Technopopulism – The new logic of democratic politics

| November 2, 2021

In this innovative contribution to our understanding of the changing nature of contemporary democracy, authors Christopher Bickerton and Carlo Invernizzi Accetti suggest that democratic politics is “increasingly about competing claims to represent the ‘people’ as whole and to possess the necessary ‘competence’ for translating its will into policy”.

Technopopulist politics therefore involves appeals beyond political parties, with an emphasis on leaders who can cut through the messiness of democratic politics and get things done.

The authors’ main focus is not on the type of populists who haunt the progressive imagination, such as Donald Trump, Marine Le Pen, Matteo Salvini, and Victor Orbàn. Refreshingly, Trump barely makes an appearance, given the focus on Western Europe. Instead the main exemplars are Tony Blair and Emmanuel Macron.

Blair and Macron are emblematic of a tendency dates from the late 1990s onward. Both figures sought electoral majorities on the basis of rejecting the “old” politics and claiming to be “unlike the other guys”.

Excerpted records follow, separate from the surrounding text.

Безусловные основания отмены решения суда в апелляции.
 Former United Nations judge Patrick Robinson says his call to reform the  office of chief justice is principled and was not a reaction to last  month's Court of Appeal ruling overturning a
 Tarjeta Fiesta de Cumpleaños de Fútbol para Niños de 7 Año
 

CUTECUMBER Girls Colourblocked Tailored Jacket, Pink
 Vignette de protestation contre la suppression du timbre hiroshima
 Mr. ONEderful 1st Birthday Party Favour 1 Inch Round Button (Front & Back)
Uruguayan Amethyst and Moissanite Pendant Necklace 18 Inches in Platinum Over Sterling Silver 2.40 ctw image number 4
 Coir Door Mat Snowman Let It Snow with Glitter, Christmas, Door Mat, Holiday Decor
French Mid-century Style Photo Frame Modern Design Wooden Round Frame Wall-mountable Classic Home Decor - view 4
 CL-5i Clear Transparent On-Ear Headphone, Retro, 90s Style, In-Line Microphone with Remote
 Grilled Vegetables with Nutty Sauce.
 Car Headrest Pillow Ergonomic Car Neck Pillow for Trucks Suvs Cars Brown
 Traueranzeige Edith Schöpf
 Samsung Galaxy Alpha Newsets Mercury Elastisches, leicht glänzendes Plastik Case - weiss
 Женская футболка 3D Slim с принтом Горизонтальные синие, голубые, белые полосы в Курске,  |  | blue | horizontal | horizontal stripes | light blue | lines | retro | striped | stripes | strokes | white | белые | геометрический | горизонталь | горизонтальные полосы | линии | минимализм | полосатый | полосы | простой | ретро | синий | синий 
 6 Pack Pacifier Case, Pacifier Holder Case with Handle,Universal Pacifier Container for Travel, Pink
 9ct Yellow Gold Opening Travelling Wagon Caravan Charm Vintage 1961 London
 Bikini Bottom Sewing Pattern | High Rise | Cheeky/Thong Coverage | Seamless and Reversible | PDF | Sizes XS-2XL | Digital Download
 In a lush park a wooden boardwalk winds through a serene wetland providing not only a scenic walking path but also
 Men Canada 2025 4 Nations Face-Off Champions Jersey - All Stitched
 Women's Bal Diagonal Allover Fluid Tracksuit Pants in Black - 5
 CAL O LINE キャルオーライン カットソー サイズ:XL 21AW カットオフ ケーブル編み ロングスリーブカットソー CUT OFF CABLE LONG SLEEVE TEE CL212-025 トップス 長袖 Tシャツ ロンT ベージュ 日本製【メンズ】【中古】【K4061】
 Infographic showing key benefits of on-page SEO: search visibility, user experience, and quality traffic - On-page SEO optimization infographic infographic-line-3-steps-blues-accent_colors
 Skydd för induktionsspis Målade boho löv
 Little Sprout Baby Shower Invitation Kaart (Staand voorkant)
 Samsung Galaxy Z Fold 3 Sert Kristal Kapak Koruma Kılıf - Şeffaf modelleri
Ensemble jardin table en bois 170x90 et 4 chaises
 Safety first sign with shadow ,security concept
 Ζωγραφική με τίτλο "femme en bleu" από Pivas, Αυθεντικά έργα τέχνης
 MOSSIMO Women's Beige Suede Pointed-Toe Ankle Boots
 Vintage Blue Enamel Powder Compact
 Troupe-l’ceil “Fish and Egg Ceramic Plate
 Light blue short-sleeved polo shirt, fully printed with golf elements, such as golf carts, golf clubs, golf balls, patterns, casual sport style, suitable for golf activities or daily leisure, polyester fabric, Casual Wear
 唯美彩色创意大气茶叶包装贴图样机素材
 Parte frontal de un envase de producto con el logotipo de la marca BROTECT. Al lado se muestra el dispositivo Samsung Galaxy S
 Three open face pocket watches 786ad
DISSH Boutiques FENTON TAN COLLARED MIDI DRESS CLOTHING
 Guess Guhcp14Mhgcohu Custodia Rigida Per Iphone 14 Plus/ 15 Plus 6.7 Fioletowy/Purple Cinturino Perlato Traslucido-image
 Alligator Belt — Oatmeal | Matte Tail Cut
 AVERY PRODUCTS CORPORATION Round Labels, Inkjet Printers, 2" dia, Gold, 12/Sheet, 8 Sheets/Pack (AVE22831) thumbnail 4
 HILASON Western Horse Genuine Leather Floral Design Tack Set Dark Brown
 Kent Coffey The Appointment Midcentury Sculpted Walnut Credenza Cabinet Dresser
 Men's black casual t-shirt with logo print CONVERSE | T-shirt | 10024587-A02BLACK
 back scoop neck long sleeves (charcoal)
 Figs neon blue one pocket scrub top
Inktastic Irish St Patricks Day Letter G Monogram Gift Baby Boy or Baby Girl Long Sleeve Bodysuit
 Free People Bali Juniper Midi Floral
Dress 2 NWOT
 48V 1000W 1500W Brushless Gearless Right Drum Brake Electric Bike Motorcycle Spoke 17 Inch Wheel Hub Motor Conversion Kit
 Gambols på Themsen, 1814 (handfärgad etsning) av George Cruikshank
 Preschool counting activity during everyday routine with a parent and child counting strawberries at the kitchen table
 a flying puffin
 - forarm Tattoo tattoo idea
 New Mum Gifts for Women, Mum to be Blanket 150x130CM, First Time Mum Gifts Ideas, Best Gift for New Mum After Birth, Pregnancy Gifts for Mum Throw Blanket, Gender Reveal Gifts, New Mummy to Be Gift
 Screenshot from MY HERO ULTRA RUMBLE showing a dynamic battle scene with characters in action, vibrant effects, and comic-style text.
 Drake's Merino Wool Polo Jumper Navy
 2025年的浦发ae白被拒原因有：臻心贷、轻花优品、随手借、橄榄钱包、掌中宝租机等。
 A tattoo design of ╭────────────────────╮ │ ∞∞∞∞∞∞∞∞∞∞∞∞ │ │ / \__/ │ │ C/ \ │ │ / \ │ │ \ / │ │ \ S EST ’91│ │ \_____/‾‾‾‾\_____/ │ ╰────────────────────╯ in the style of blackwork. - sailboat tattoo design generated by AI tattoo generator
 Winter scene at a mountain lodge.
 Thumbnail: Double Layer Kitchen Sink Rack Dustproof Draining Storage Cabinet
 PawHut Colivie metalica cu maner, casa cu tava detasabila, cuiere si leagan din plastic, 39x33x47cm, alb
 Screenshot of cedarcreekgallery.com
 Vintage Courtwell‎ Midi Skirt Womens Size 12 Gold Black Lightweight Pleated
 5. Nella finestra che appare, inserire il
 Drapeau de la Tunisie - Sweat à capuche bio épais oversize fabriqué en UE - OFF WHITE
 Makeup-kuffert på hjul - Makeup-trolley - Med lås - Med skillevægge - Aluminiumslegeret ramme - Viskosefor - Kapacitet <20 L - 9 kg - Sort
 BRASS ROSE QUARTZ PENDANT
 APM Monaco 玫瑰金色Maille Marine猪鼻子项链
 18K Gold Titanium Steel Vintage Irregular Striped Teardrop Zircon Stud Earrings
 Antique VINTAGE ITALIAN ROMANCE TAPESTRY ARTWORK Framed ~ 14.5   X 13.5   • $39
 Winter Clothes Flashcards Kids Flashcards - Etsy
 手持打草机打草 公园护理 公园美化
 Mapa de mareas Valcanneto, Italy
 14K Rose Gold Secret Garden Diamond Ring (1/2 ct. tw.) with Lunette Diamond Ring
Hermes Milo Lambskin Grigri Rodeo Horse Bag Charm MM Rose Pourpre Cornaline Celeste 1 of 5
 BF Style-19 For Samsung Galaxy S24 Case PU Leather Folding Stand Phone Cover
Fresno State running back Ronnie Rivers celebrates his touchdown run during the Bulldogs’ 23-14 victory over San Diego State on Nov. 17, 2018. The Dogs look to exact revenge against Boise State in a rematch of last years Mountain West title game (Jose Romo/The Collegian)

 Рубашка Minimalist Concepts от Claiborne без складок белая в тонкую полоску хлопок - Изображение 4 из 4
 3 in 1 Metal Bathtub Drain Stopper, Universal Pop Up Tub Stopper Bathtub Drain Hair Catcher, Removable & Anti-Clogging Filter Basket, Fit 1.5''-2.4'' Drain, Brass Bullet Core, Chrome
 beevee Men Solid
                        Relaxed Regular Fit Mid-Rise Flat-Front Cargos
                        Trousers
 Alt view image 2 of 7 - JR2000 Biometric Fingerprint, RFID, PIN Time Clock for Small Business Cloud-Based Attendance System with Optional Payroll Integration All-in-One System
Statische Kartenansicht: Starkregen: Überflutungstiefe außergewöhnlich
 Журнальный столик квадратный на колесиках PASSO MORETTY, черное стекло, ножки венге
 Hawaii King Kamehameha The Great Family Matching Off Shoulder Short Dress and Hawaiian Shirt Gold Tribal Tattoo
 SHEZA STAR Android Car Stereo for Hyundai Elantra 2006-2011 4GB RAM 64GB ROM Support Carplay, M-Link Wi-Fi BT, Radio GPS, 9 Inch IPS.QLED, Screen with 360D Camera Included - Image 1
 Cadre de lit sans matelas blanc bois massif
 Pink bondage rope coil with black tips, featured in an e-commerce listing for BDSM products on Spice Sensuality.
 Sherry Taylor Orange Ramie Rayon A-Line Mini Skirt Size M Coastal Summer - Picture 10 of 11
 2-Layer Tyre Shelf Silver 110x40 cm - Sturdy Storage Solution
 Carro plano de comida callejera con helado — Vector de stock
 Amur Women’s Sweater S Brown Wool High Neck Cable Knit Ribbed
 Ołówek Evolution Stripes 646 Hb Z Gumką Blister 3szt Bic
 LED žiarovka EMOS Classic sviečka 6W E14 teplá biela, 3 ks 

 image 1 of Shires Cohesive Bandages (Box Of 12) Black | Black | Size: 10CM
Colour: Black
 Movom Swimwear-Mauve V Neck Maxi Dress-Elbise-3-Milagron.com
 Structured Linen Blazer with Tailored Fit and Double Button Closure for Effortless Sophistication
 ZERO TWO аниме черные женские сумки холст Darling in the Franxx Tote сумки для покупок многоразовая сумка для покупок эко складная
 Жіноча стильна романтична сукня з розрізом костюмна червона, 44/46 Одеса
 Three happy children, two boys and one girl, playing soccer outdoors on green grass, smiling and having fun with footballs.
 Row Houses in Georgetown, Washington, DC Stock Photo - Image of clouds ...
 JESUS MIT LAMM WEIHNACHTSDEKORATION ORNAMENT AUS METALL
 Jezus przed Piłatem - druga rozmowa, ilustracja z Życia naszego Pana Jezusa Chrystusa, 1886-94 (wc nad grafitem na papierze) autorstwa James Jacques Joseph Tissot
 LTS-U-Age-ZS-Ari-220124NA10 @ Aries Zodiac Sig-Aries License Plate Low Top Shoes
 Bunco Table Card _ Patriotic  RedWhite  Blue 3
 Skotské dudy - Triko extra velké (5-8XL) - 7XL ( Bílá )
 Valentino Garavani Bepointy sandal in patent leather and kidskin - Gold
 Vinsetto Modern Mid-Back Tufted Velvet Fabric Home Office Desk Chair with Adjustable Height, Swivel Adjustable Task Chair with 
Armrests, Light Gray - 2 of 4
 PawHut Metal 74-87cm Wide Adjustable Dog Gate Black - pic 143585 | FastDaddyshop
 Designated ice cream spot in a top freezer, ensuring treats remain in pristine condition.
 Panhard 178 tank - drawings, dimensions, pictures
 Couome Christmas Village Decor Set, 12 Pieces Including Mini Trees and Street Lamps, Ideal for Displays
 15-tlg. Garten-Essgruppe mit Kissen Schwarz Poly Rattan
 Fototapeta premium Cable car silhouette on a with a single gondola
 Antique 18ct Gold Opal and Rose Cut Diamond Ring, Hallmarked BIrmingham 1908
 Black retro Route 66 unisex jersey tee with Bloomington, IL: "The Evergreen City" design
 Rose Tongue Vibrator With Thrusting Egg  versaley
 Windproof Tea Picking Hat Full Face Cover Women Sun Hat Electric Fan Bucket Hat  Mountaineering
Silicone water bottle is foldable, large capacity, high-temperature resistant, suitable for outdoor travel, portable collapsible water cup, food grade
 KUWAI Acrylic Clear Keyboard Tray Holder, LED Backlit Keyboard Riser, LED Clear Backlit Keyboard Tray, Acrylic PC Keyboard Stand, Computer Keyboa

Old politics was something to be overcome and replaced, with a logic that suggested that Blair, Macron, and other leaders in this new mould could realise the popular will and translate it effectively and efficiently into policy.

The reason for the rise of this new logic will be familiar from the politics of the past decade: the hollowing out of democracy by professional, rather than mass, parties.

The argument runs that these centrist parties formed cartels and competed over an ever-narrower political terrain based on competence to govern rather than any ideologically inspired programme designed to realise the good life for its supporters and other members of the polity.

This left a void which populist movements and parties such as the Moviemento Cinque Stelle, Front National, UK Independence Party, and Podemos exploited and filled during the 2010s.

Bickerton and Invernizzi Accetti do not see this new political logic as benign. This is not an analysis that sees populism as an antidote to the technocratic capture of democracy. In fact, they argue that technopopulism lessens the quality of contemporary democracy by narrowing the horizon of possibilities.

They point out that technopopulists never claim – despite the title of Macron’s book – to be revolutionary. Instead, they intend only to do what already exists better: make borders stronger; educate better; run cities more efficiently; make America great again.

Having noted technopopulism’s deficiencies, the authors suggest an unfashionable solution: political parties, and in particular their “middle management”, the ideological stalwarts of the party and its operational and organisational heart.

If it was the proles who were the great hope in George Orwell’s 1984, then it is the middle managers who play this part for Bickerton and Invernizzi Accetti.

The reason for this is that, in their view, these individuals have attitudes and opinions that are usually more deeply held and extreme than that of the leadership and electorate.

As a result, if freed from the undemocratic internal structures of existing parties, the middle managers would help differentiate parties from each other and save us from the scourge of valence politics and its narrowing horizons of political imagination.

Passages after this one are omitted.